Louisiana State Police has some advice on what to do if you see school violence threats on social media: call police instead of sharing the unsubstantiated threat on social media.
According to State Police, local and national law enforcement have been responding to numerous copycat threats at schools following the tragic high school shooting in Parkland, Florida.
In Tangipahoa Parish, the threat was credible and quickly addressed by the Tangipahoa Parish Sheriff's Office. In Evangeline Parish, a student was arrested for posting threats online.
But the vast majority of these types of threats are not credible, according to State Police.

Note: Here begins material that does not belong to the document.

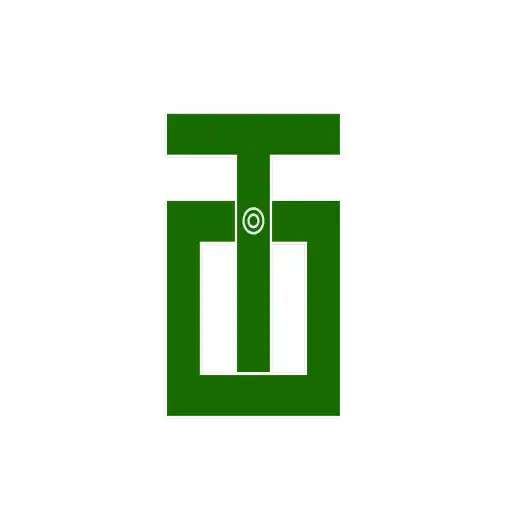 Play TetraOne APK Play TetraOne APK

"Although we highly encourage citizens to report suspicious activity, we want to remind them that the increased sharing of unsubstantiated threats through social media stresses the resources available to respond to and investigate these claims," State Police said. "The sharing of unsubstantiated threats through social media could add chaos and panic to our school systems and further burden the facility, staff, and student body."
Police say if the threat is time sensitive and viewed as an imminent danger, call 911 - immediately. If it's something that warrants further investigation, you should contact local law enforcement.
There are serious consequences for posting threats. The terrorizing law in Louisiana is a felony and states that people who intentionally communicate information of a crime of violence, which causes the public to be in sustained fear for their safety, causes the evacuation of a building, or other serious disruption to the general public can be arrested and fined up to $15,000 and/or imprisoned for up to 15 years.